Revision Clauses and the Inflationary Effect

Revision clauses were designed by the Department of Labor and the Executive to replace the escalator clauses that adjusted wages under collective bargaining agreements automatically according to inflation rate in 2017.

Published in El Cronista on December 12, 2018
As a replacement, revision clauses were created because they are not automatically enforced and depend on the latest negotiations in the period once INDEC CPI is revealed in the second fortnight of January 2019. In practice, this was a semantic difference but both have the same effect.

The truth is that these clauses have been enforced in advance, like in the case of the collective bargaining agreement entered into by and between the Chamber of Commerce [Cámara de Comercio] and the Federation of Workers in Commerce and Services [Federación de Trabajadores de Comercio y Servicios] whereby the parties agreed on a raise payable in three installments of 7%, 7% and 6% in January, February and March 2019 respectively, reaching a total of 45%, with a clarifying note about the non-salary nature of the benefit without specifying whether it is included or not.

Raises at the oils industry have really shot up, reaching 75% with a minimum wage under collective bargaining agreement of ARS 43,821, which in March 2018 amounted to ARS 25,000, and a year-end bonus of more than ARS 33,000. In July 2019 the parties at this sector will meet again to grant another pay rise so there is an anticipated raise for next year of around 25% for each half, with a forecast of 50% for the whole year to come.

There are other sectors with their own mechanism for pay rises, like SMATA [Union of Car Industry Workers], where company-wide collective bargaining agreements contain a clause for quarterly wage adjustment according to inflation rate. Other unions have agreed on anticipated raises, such as the banking employees’ union, and in fact each industrial sector is trying to keep up with inflation, sometimes in advance or simultaneously.

On the other hand, more than half of collective bargaining agreements did not grant raises according to inflation rate, just pay rises between 25% and 35%, without any revision clauses, and they have low expectations to keep pace with inflation.

Considering the average raises agreed, wages would be 7% – 15% below INDEC CPI, not knowing the November and December indexes yet to be able to estimate the year-end.

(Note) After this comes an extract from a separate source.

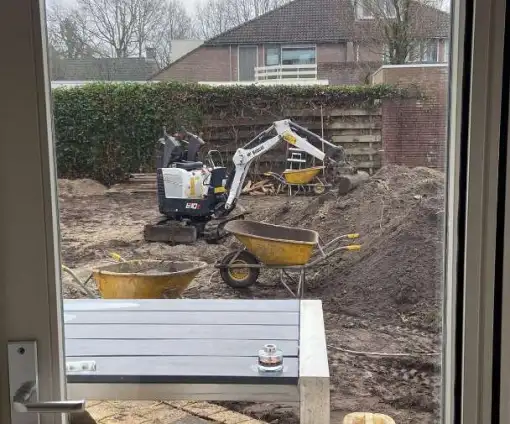 images/0000nieuws/2022/luxe-tuinoverkapping-maken-kaatsheuvel-tuinleegruimen-510x424-aeb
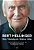 BERT HELLINGER - Imagem 1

In any case, our remark about the evolution of collective bargaining agreements once they are executed and the final raises are agreed will show significant variations in payment terms, installments and how they keep up with inflation, but they are all aimed at achieving the goal of being in line with inflation even if late. As traditional leaders usually say: let’s agree on the highest possible raises and then let those who can afford it pay them.

This goal, even when attained –late- is essential to avoid lagging wages in collective bargaining agreements for 2019, which will be much more elastic and permissive considering that it will be an electoral year.

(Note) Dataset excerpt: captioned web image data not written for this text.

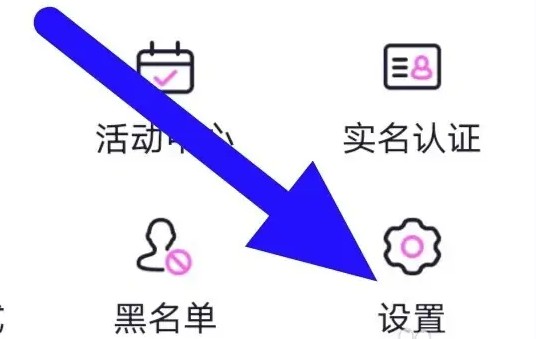 豚豚剧app最新款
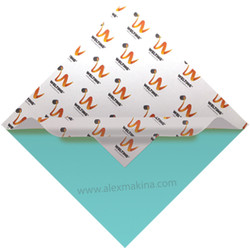 Welting - Welting Silikon Kauçuk Turkuaz 900 Gr Welting - Welting Silikon Kauçuk Turkuaz 900 Gr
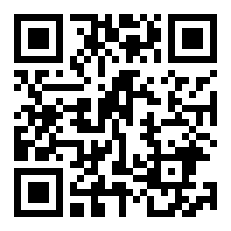 拉什福德粤语名字（101拉什福德能踢影锋吗）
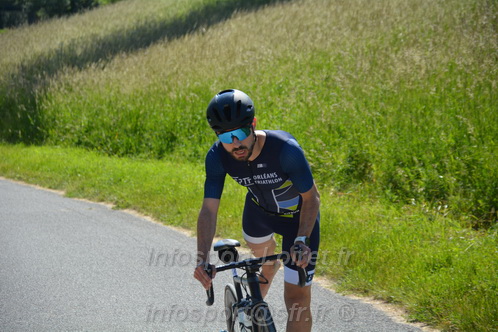 TriathlonASFAS2026_Dimanche/2026TASFAS_DIM_02710.JPG
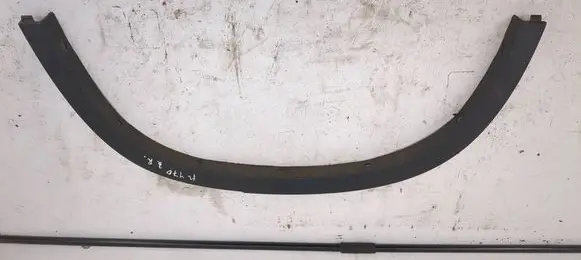 BMW X1 E84 Rear arch trim 14206411
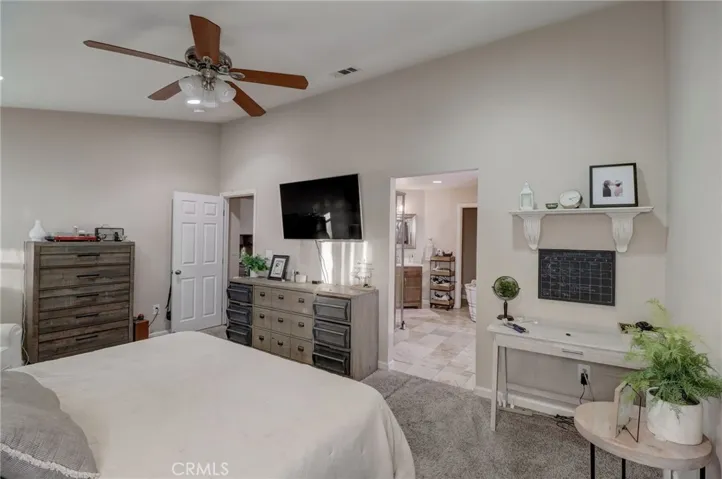 31119 Larchwood Street, Menifee, California 92584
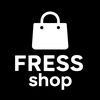 fresshop0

Far from all the goals set, collective bargaining agreements could not ignore inflation and were subject to the overwhelming race between prices and wages. Consequently, all the concerns and fantasies around productivity with zero inflation or deflation vanished into thin air together with other similar thoughts. Actually all the targets became fallacies, like zero poverty, when today the poverty rate is over 40%, or the big wave of investments that today is receding, or the shortage of loans with interest rates of 80% in the real world of SMEs.

Let alone full employment, with unemployment and underemployment rates completely out of control, and an unprecedented fall in the activity levels that cannot find their floor yet.

There is the feeling that the best is yet to come, and government authorities are expecting that this process will take place spontaneously without dealing with the substantive structural reforms required for the original project that Macri voters are expecting. Again, magical thinking is getting hold of our government officers, weaving an aspirational fantasy without any causal relation between what is done and what is not done, and the confirmed truth in the real world.

The expected thing is to have one last chance to regain trust, for which it is crucial to show firm conviction, and especially strength in practice.

By Julian A. de Diego
Director of the postgraduate course on Human Resources at the School of Business at UCA.